Catholic Church and Public Debates

Milda ALIŠAUSKIENË

Vytautas Magnus University, Kaunas

In this article I argue, based on observations as well as on recent sociological analysis, that in contemporary Lithuania religion is becoming more public, but at the same time more individual and private. Generally, in the Lithuanian public sphere religion means Roman Catholicism. The reasons for this are manifold. Firstly, demographical data (2001 and 2011 population censuses) shows that more than 77% of the population consider themselves Catholic.1 Furthermore, the Catholic Church can be considered a “national Church”2 in that it supported the nation’s struggle for independence from the Soviet Union, thus gaining a special status within society.

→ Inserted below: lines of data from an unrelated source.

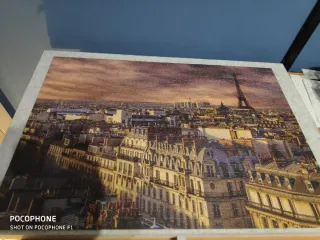 Puzzle 1000 Piezas París Torre Eiffel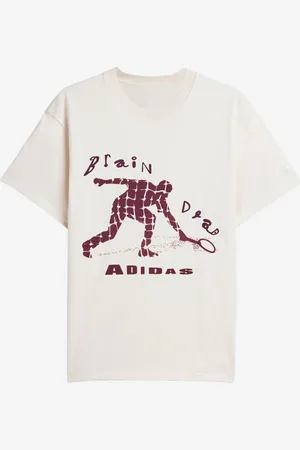 adidas Brain Dead t-shirt tennis off white
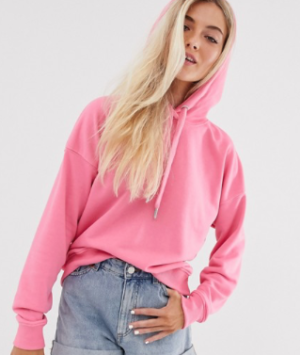 New Look – Hoodie – Rose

This situation was reinforced when in 2000 three international agreements between the Republic of Lithuania and the Holy See were signed.3 The Roman Catholic Church’s privileged position in society distinguishes Lithuania from other Baltic States, and approximates it to its southern neighbor Poland, where the majority of the population is Catholic – even if the 1992 Constitution of the Republic of Lithuania ← 113 | 114 → prescribes that there is to be no State religion.4 Another common feature of both Lithuanian and Polish society is ethnic homogeneity.

Together with Latvia and Poland, Lithuania has implemented a so-called differential system regarding religious communities, whereby “historical” or “traditional” religious communities are considered more privileged than others. One of the main privileges from which traditional religious communities benefit...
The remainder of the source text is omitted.